In reviewing the progress made in the digital supply chain space over the last few years—both from the user perspective and in terms of the vendors supplying the solutions—McCullough says that there are still some hurdles to climb on the path to a truly digital, end-to-end supply chain. As the solutions continue to mature, he says the likely focus will be on using advanced options like machine learning to more accurately predict demand, respond to disruptions and meet customer needs.

“We’re still a bit away from having a fully touchless, automated supply chain,” says McCullough, who notes that even with the most advanced technology in place, predicting an event like the Ever Given’s Suez Canal blockage would have been difficult to foresee and prepare for. The good news is that the companies that have invested in newer, cutting-edge technologies supported by AI and other advanced options should be able to adjust on the fly and better handle this and other crises.

Shopping tips for shippers

If 2021 is the year that your company ramps up its investment in digital supply chain technology, Sheffi says the key is not to think in terms of the solutions themselves. Instead, carefully assess the problems that those solutions promise to solve, and then pick the options that address your organization’s biggest supply chain-related pain points.

“Don’t think in terms of what IoT, robotics, blockchain, or automated tracking can do for you; think in terms of the problems first and then look at the technologies themselves,” Sheffi advises. If you’re grappling with low productivity levels in a key warehouse, for instance, don’t just automatically zero in on a robotics investment.

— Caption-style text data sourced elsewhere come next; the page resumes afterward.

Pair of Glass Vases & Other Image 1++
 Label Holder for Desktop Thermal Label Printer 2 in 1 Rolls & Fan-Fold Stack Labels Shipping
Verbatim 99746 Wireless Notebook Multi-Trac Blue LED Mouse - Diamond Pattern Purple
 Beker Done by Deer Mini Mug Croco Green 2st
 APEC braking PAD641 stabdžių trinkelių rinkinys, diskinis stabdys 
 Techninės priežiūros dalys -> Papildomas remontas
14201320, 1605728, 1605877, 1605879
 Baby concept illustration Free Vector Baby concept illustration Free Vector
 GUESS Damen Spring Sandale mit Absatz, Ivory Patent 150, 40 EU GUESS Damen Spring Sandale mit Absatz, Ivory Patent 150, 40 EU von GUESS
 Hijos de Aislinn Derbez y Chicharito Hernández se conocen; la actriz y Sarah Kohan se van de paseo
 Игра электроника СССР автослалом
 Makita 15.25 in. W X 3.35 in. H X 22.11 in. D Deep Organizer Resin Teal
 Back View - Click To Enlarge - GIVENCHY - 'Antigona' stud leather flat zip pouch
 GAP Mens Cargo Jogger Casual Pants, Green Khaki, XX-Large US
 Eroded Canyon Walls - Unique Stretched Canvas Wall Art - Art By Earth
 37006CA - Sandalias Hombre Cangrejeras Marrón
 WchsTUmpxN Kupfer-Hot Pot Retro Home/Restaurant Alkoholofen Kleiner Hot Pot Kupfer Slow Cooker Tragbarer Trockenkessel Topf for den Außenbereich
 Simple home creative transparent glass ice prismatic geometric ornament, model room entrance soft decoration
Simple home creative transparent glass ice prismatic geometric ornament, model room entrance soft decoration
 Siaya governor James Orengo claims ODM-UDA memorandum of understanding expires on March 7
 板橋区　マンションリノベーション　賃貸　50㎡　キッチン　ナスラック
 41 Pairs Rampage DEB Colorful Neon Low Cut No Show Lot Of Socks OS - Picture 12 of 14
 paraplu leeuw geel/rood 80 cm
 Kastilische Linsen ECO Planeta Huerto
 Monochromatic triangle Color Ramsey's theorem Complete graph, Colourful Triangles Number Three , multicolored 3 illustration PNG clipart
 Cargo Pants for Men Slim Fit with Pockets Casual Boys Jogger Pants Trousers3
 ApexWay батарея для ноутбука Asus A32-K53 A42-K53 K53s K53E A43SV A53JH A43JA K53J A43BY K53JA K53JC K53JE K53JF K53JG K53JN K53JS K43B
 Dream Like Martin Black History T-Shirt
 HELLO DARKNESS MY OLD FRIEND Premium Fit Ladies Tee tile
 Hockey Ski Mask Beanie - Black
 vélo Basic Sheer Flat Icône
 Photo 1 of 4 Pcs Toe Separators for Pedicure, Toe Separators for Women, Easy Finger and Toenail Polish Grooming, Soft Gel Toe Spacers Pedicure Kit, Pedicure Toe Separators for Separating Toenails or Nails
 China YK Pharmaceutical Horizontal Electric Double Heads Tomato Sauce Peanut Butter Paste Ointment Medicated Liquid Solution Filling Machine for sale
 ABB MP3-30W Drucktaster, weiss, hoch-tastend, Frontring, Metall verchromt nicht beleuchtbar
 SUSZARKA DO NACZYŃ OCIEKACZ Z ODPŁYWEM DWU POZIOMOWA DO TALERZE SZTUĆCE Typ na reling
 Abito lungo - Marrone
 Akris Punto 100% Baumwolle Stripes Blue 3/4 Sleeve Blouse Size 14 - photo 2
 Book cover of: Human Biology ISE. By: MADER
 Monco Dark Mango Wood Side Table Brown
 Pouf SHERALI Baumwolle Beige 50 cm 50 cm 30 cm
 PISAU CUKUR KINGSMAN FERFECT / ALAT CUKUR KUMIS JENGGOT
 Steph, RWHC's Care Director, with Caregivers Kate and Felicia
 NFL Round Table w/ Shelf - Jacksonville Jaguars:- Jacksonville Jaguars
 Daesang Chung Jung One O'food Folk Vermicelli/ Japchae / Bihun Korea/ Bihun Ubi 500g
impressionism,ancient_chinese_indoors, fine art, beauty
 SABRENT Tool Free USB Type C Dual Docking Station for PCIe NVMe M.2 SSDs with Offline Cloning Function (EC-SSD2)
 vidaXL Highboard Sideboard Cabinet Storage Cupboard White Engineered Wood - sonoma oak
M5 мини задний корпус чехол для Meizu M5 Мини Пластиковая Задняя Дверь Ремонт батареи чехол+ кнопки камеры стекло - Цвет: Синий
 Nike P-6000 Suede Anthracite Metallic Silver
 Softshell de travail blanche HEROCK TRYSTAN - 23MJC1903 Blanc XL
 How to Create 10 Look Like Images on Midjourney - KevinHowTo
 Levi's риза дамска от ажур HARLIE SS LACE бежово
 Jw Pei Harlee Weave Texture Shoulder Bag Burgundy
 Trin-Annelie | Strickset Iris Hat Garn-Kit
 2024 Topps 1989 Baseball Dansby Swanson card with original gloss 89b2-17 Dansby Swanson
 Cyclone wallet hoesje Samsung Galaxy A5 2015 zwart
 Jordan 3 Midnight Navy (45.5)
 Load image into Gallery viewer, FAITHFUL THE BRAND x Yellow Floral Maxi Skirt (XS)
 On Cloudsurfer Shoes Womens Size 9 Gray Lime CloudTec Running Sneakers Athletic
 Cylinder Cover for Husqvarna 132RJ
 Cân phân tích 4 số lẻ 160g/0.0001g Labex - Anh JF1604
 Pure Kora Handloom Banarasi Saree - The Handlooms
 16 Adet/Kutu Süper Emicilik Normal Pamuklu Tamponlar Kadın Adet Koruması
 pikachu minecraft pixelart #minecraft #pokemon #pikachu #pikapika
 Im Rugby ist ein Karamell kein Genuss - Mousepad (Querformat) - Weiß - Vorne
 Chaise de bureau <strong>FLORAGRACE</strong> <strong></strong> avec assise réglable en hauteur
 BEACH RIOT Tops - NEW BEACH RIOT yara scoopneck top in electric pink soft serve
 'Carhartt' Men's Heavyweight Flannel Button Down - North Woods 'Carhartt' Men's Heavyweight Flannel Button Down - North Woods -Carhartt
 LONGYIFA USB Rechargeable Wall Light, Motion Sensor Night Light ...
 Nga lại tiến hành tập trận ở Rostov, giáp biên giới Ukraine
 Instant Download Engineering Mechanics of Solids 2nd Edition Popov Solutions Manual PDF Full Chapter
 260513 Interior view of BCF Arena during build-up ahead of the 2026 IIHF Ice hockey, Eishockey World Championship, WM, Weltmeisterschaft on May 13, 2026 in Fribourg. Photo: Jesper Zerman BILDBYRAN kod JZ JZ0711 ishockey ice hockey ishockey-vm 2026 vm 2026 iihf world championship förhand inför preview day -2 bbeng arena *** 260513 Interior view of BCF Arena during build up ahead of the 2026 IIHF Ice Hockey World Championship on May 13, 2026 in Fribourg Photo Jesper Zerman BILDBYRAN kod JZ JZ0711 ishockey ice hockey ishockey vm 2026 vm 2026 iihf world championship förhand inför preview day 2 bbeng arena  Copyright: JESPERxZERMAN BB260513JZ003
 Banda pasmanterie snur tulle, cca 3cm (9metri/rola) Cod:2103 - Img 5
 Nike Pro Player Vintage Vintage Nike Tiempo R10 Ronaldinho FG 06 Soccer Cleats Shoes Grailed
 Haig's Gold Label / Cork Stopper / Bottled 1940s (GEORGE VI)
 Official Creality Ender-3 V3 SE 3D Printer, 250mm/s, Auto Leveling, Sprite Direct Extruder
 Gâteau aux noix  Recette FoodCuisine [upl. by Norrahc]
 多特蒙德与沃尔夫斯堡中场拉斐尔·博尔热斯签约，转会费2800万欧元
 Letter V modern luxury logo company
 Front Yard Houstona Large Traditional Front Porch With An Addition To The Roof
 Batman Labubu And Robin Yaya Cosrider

A better approach, says Sheffi, is to come up with ways to creatively augment and support human labor in that setting. If robotics is the answer, then by all means, explore that as a potential option. If not, then keep an open mind about other alternatives that can propel your company one step further toward the digital supply chain.

And don’t forget to include suppliers and customers in those technology selection conversations, says De Muynck, who sees more companies striving for a more collaborative approach to the digital supply chain. Not only does this help cut costs, it also ensures a shared-risk environment, whereby all players in the network have a stake in the IT investment.

Getting more stakeholders involved in the digital supply chain also helps companies get one step closer to having 100%, end-to-end, real-time supply chain visibility. “Technology maturity is driving collaboration in this space, with Cloud-based systems allowing shippers to connect their visibility networks to their suppliers, customers and even to other shippers,” De Muynck adds, “Companies want to be able to collaborate, and the network itself is an essential part of that process.”